Depuis une dizaine d'années, Nicola Green, une artiste britannique
basée à Londres, a discrètement accompagné de nombreuses rencontres
interreligieuses de par le monde : Jérusalem, Assise, Rome, Le
Caire, Doha, Washington, Bangalore… À vrai dire, plutôt que de
rencontres quotidiennes entre « simples » croyants, il
s'agit de réunions au sommet ou d'échanges de visites entre
représentants des différentes traditions spirituelles : le
Grand Mufti d'Égypte, l'archevêque de Canterbury, le Dalaï Lama… Si
le regard de la photographe et dessinatrice est particulièrement
attentif au langage corporel, aux codes vestimentaires et aux
traditions culturelles et religieuses qu'ils véhiculent, ses
croquis et son travail original sur le matériau photographique
mettent en valeur un contraste : chaque personnalité
individuelle exprime et tout à la fois s'efface au profit de la
communauté et de la tradition qu'elle représente. Cette tension
transparaît de manière saisissante dans une série de portraits bien
identifiables mais dont le visage a été pour ainsi dire gommé
(selon une technique qui peut évoquer la discrétion qui est de
règle dans certaines écoles de peinture islamique) afin de
manifester cette fonction de représentation.
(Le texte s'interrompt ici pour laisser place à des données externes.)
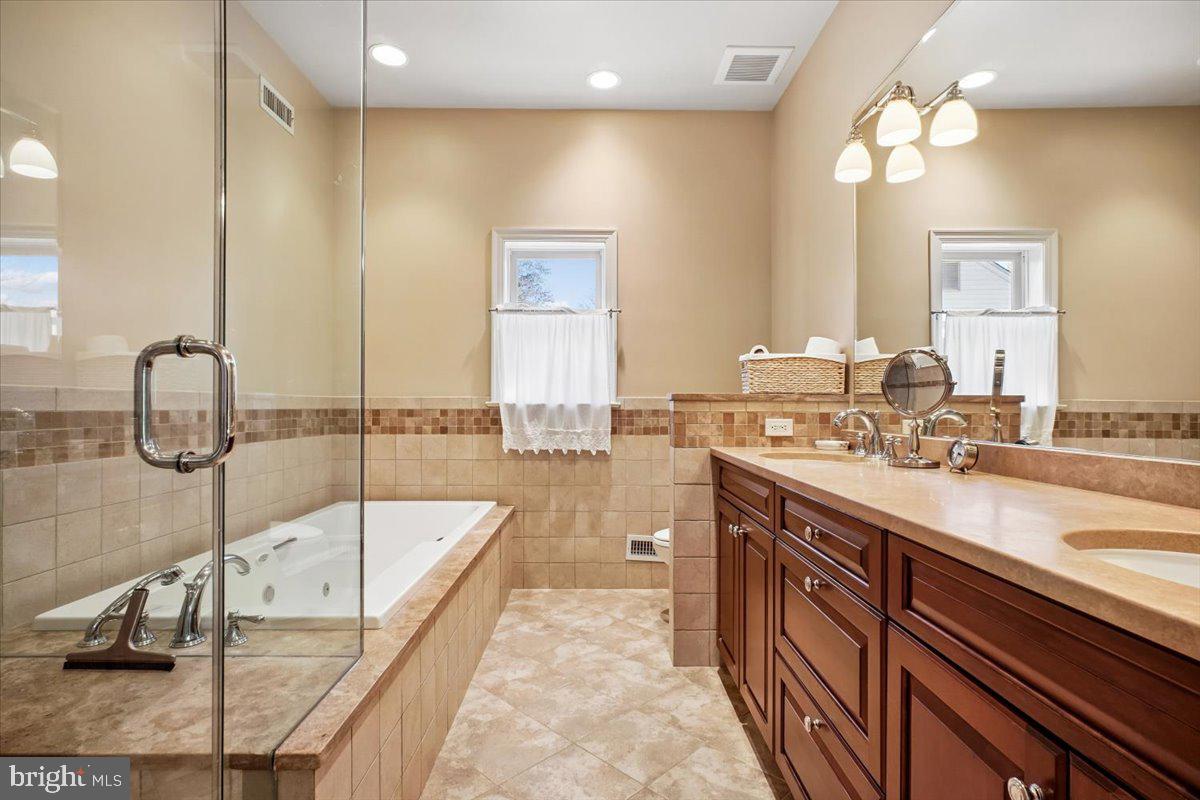 ENGLISH VILLAGE - Residential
Dans une douzaine de brefs chap., des théologiens, des artistes et
des personnes engagées dans le dialogue entre traditions explorent
les enjeux des rencontres interreligieuses. Relevons en particulier
des réflexions sur l'importance de reconnaître les différences
irréductibles, sur la place d'une lecture en commun des Écritures
animée par un esprit de prière, sur le rôle de témoin et
d'élaboration créative assumé par une femme artiste dans un univers
presque exclusivement masculin, sur la fécondité tant artistique
que spirituelle d'un décloisonnement de traditions toujours tentées
par le repli sur soi. - J. Scheuer s.j.